British television exports to China went up 90% in 2012 alone, thanks in part to China’s insatiable appetite for Downton Abbey. 30 million Chinese viewers watched the Royal Wedding live on television.
It remains to be seen whether they prefer the US or UK version of House of Cards. I hope neither is taken as too literal a rendering of how western democracies actually function.
Then there are our academic exchanges, which are increasingly high-tech. The UK is now China’s second-largest foreign partner in academic research.
Peking and Manchester Universities are developing a partnership in genomic medicine. The University of Nottingham has established a centre in Guangdong that will train 2,000 Chinese financial specialists each year.
And of course, like the US, we are welcoming more Chinese university students to our shores. In 2013, they numbered 130,000 – about six times the total student body at Georgetown.
But we also want our young people to learn more about China. We plan to increase the number of Brits studying or gaining work experience in China to 80,000 a year by 2020.
In the words of Confucius: “It’s delightful to have friends visit from far away.”
As more Chinese tourists, business people and students visit the UK, we hope that they will be impressed by the value and resilience of an open society. We know from our own historical and current experience that the most successful economies are the most open ones — and that an open economy requires an open society.
Both the UK and China have made international commitments to uphold human rights. Indeed, both are members of the UN Human Rights Council this year. We believe those rights underpin peace and prosperity, globally as well as locally. It is in that spirit that we continue to engage China on issues that concern us.
When we have seen see signs of progress—for example on arbitrary detention, judicial reform and family planning —we have said so.
But of course we still have concerns. Particularly around freedom of expression, the treatment of human rights defenders, religious freedom and minority rights. We have not shrunk from voicing these in many ways, including at the highest levels.

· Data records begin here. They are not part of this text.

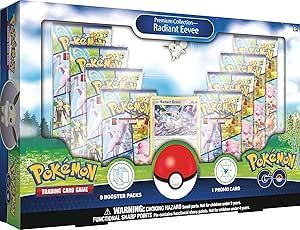 Pokémon GO Radiant Eevee Premium Collection Box - EN Pokémon GO Radiant Eevee Premium Collection Box - EN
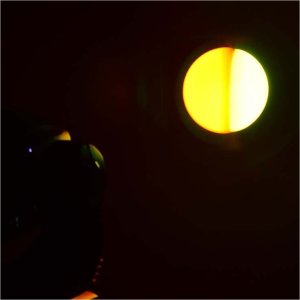 LIGHT4ME LIGHT4ME MINI SPOT 60 PRISM mała głowica ruchoma LED oświetlenie estradowe 9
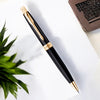 Parker Aster Matte Black GT Ballpoint Pen 9000018416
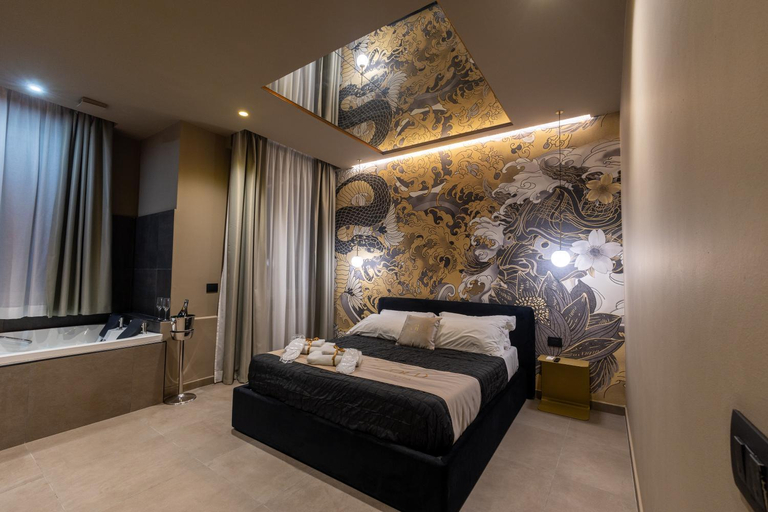 Bedroom 3, GOLD SUITE&SPA, Palermo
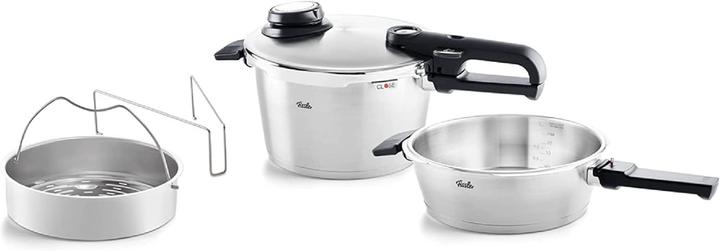 Immagine prodotto Fissler Vitavit® Premium Set 2 pezzi. (Set di pentole e padelle da cucina)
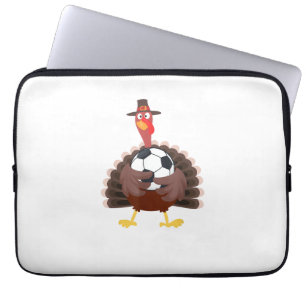 Capa Para Notebook Jogo Engraçado Bonito Ação de Graças à Turquia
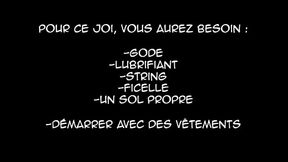 JOI FR Fairy Tail Lucy x Erza x Juvia Femdom Assplay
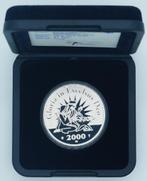 Nederland Kerstmis 2000-penning Zilver Proof in doosje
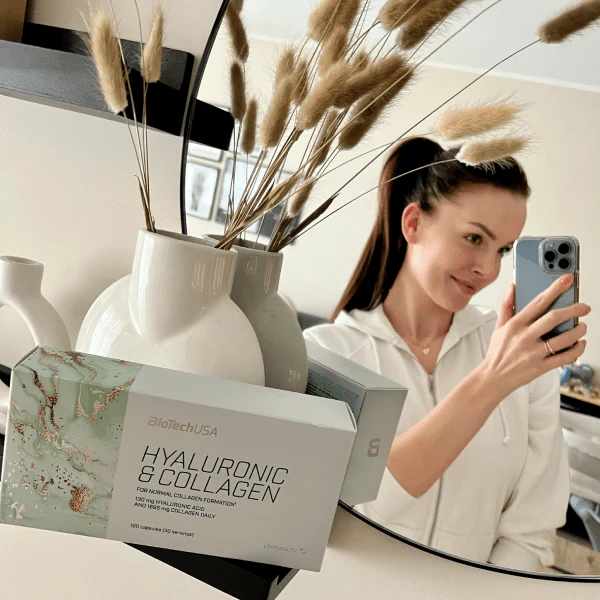 Hyaluronic&Collagen - 120 kapsułek - Image 4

Like the US, we have no desire simply to nag or preach from the sidelines. In any event, I doubt whether that would achieve much. At the same time, we will not, and should not, ignore issues of legitimate international concern. We want a strong, stable, prosperous China. That is in everyone’s interests. And the best way to achieve that is for China to strengthen the rule of law, increase rights and freedoms, and establish greater transparency.
Lao Tzi wrote that: “The more prohibitions rule all beneath heaven, the deeper poverty grows among the people.”
We know from our own history that the inverse is also true: the more freedom people have, the more prosperous they will be. By far the biggest beneficiaries of greater openness in China have been the Chinese people themselves.
In one of his first speeches on becoming General Secretary in 2012, Xi Jinping said:
“Our people expect better education, more stable jobs, better income, more reliable social security, medical care of a higher standard, more comfortable living conditions, and a more beautiful environment. They hope that their children can grow up better, work better and live better.”
Remarks which could just as easily have been made by President Obama or my Prime Minister.
People in Britain, America and China have the same aspirations, and we have a common interest in helping them reach their goals.
Earlier this month, my Chinese counterpart, Cui Tiankai, stood on this podium and said:
No country can confront all challenges single-handedly. If we don’t cooperate we probably will be overwhelmed.
But, he added:
Cooperation in areas where we agree helps deal with areas where we differ.
Britain and America need not fear China’s re-emergence onto the global stage. We can work together with China – we must simply proceed with pragmatism and deliberation. One might even say that we need to “Cross the river by feeling the stones.”